During her tenure at NEA, Alice has expanded the scope and reach of NEA’s legal advocacy to include efforts to counter censorship, book bans and anti-LGBTQ initiatives and to support educators targeted for teaching in ways that reflect and affirm the experiences of all of their students. NEA’s legal work also includes efforts to fix the nation’s student debt programs to provide meaningful student debt relief, to protect public education by enforcing state constitutional commitments to public education and to challenge state laws that roll back and undermine worker rights including the rights of workers to have a voice at work through a union. NEA also has redoubled its efforts to ensure that the federal courts reflect the best of our country including lawyers who have decided their lives to representing working people and unions.

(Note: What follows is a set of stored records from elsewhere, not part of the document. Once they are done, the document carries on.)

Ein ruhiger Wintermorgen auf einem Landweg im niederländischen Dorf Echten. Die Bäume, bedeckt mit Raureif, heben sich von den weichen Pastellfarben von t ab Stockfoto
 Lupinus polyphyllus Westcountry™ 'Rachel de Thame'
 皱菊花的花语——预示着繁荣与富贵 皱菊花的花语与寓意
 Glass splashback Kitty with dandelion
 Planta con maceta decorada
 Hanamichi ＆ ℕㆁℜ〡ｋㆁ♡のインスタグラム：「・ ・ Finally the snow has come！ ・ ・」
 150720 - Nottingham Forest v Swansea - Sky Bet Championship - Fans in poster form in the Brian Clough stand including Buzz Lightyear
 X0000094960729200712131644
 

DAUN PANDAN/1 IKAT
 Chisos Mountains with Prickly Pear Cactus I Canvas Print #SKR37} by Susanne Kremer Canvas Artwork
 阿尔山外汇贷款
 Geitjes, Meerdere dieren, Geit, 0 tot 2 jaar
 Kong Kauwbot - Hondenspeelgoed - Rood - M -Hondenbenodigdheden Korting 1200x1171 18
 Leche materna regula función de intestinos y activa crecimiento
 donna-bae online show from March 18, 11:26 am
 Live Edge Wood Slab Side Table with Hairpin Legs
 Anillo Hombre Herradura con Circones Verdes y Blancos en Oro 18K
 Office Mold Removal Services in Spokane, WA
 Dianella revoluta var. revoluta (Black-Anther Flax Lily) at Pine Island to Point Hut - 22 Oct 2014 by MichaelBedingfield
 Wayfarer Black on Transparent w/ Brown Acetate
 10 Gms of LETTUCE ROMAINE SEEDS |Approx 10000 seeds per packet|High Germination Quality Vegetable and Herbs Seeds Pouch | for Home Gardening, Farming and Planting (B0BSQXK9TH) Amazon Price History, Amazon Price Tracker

Alice earned her B.A. from Yale University and her J.D. from the Georgetown University Law Center.
Michele Bratcher Goodwin is the Linda D. & Timothy J. O’Neill Professor of Constitutional Law and Global Health Policy. She is the Co-Faculty Director of the O’Neill Institute for National and Global Health Law.
Professor Goodwin previously was a Chancellor’s Professor at the University of California, Irvine and founding director of the Center for Biotechnology and Global Health Policy. She was the Abraham Pinanski Visiting Professor of Law at Harvard Law School and is a Senior Lecturer at Harvard Medical School.
Dr. Goodwin is the 2023 recipient of the California Women’s Law Center Pursuit of Justice Award. In 2022, the American Bar Association recognized her with the Margaret Brent Award. In 2020-21, she was bestowed the Distinguished Senior Faculty Award for Research, the highest honor bestowed by the University of California. She is an elected member of the American Law Institute as well as an elected Fellow of the American Bar Foundation and the Hastings Center (the organization central to the founding of bioethics).